• **Directions for this task**: Pictures are to be left out; everything else in the records must be repeated exactly.
------------------------------------------------------------------------
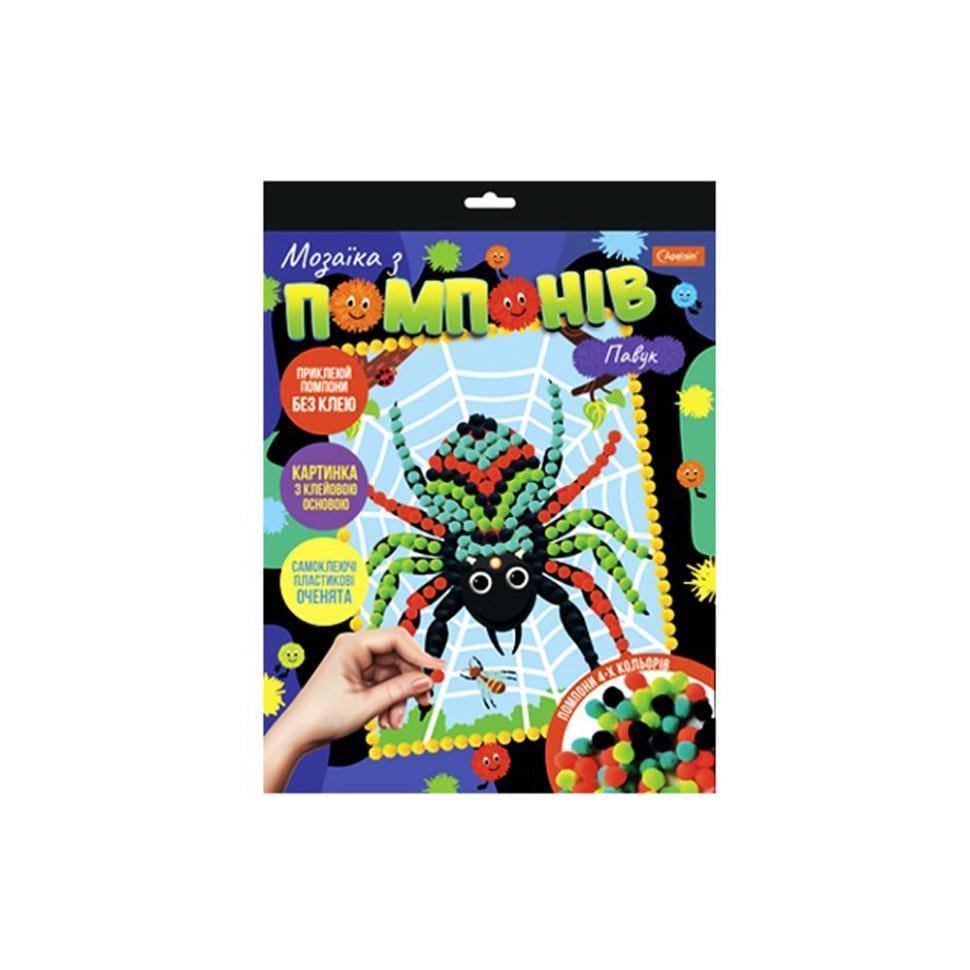 Набір для творчості Апельсин Мозаїка з помпонів Павук НТ-35-4 (RLT50937)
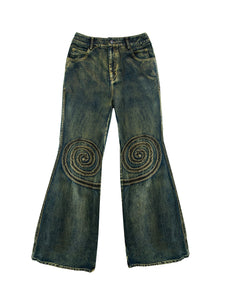 SPIRAL PANEL DENIM TROUSERS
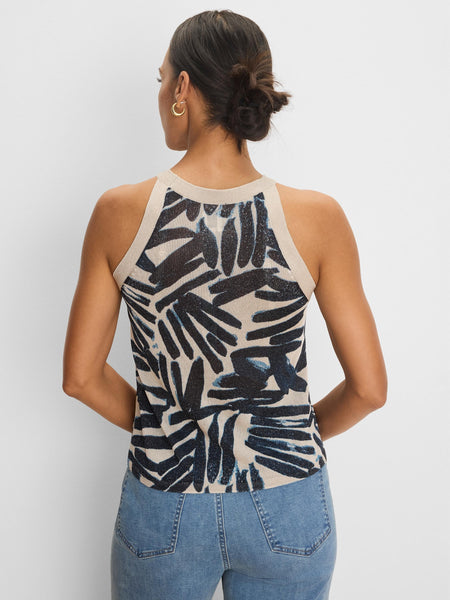 NIC+ZOE Painted Palms Sweater Tank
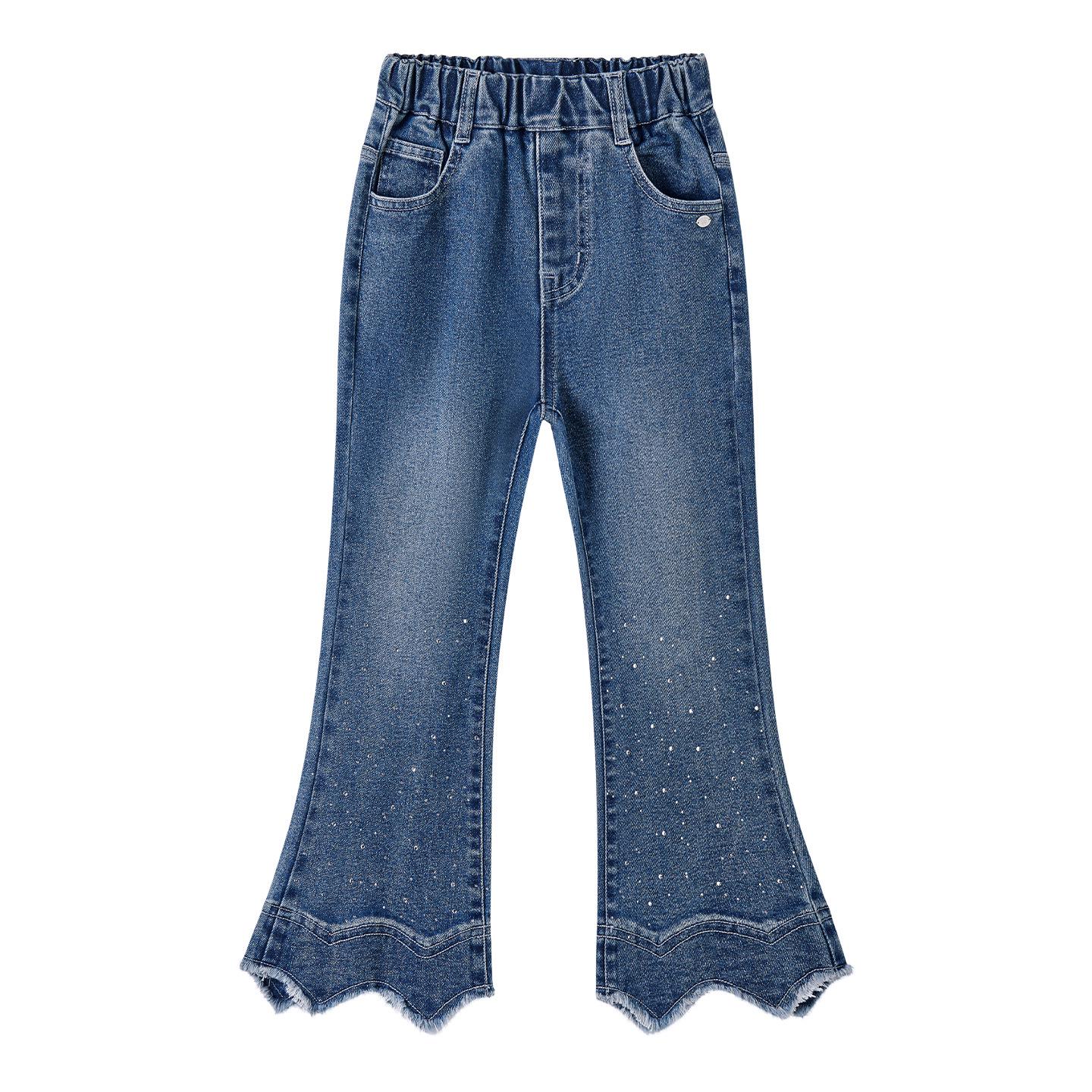 

Princess Elsa Heart-Shaped Girls Straight-Leg Jeans - Spring 2025 Collection, Loose Versatile Long Pants 160 cm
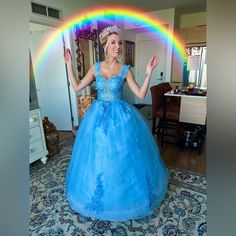 Light Blue Cinderella Style Evening Gown Sold With Hoop Skirt For Full Effect If Desired. Only Worn Once For A Disney Princess Event Model: 5’8” & 130 Lbs Cinderella Gown, Hoop Skirt, 130 Lbs, Evening Gown, Evening Gowns, Cinderella, New Color, Light Blue, Size 4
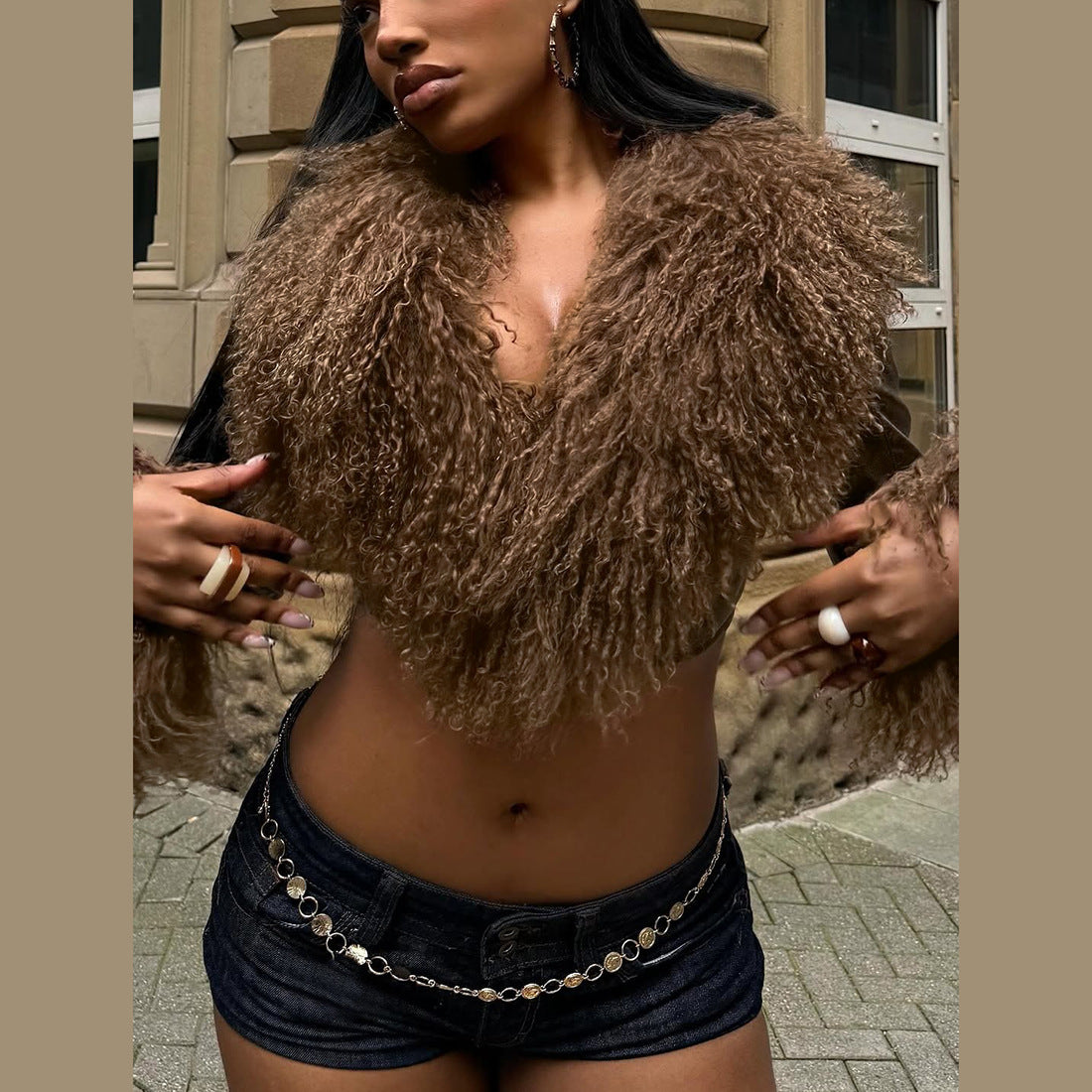 Tassel Fur Collar Stitching Long Sleeve Solid Color V neck Cropped Leather Coat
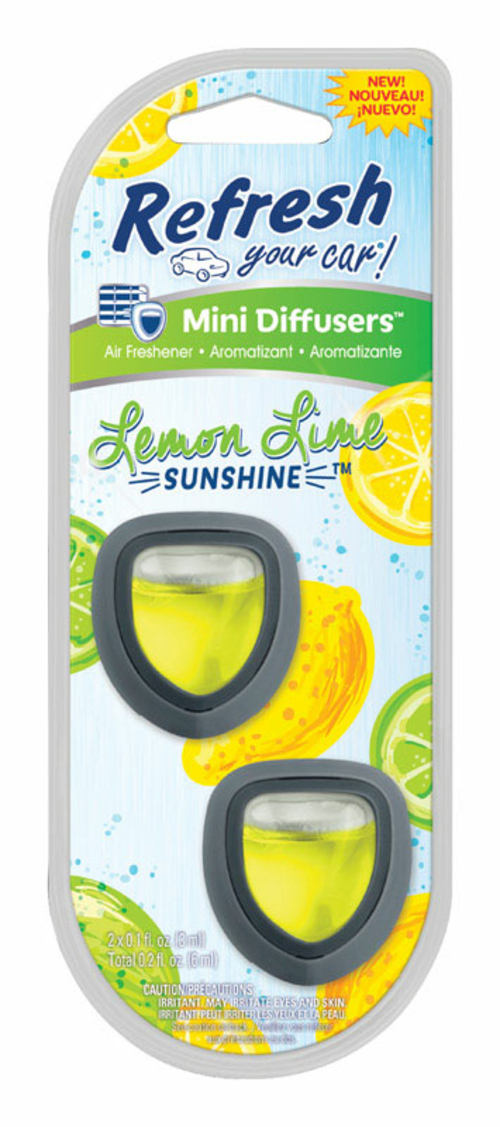 Refresh Your Car 8015669 0.2 oz Mini Diffusers Lemon Lime Sunshine Sce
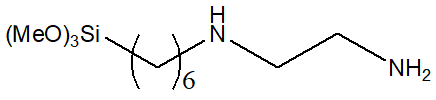 N-(2-Aminoethyl)-6-aminohexyltrimethoxysilane 구조식, C11H28N2O3Si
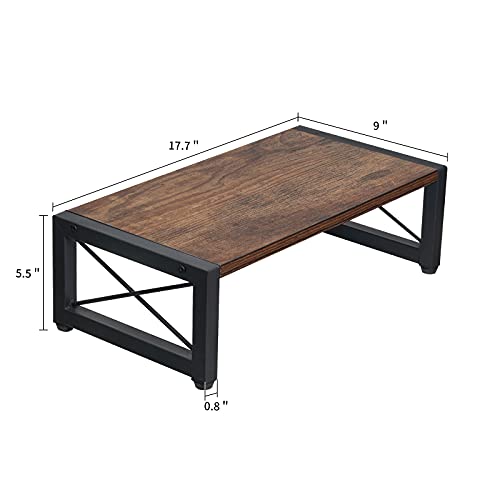 Giikin Vintage Wood Monitor Stand Riser, 17.7 Inch Desktop Shelf Storage Organizer, Ergonomic Desk & Tabletop Organizer For Laptop, Computer, Macbook, Notebook, Pc(Dark Brown) #TOP2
------------------------------------------------------------------------
• **Exercise output**:
 Набір для творчості Апельсин Мозаїка з помпонів Павук НТ-35-4 (RLT50937)
 SPIRAL PANEL DENIM TROUSERS
 NIC+ZOE Painted Palms Sweater Tank

Princess Elsa Heart-Shaped Girls Straight-Leg Jeans - Spring 2025 Collection, Loose Versatile Long Pants 160 cm
 Light Blue Cinderella Style Evening Gown Sold With Hoop Skirt For Full Effect If Desired. Only Worn Once For A Disney Princess Event Model: 5’8” & 130 Lbs Cinderella Gown, Hoop Skirt, 130 Lbs, Evening Gown, Evening Gowns, Cinderella, New Color, Light Blue, Size 4
 Tassel Fur Collar Stitching Long Sleeve Solid Color V neck Cropped Leather Coat
 Refresh Your Car 8015669 0.2 oz Mini Diffusers Lemon Lime Sunshine Sce
 N-(2-Aminoethyl)-6-aminohexyltrimethoxysilane 구조식, C11H28N2O3Si
 Giikin Vintage Wood Monitor Stand Riser, 17.7 Inch Desktop Shelf Storage Organizer, Ergonomic Desk & Tabletop Organizer For Laptop, Computer, Macbook, Notebook, Pc(Dark Brown) #TOP2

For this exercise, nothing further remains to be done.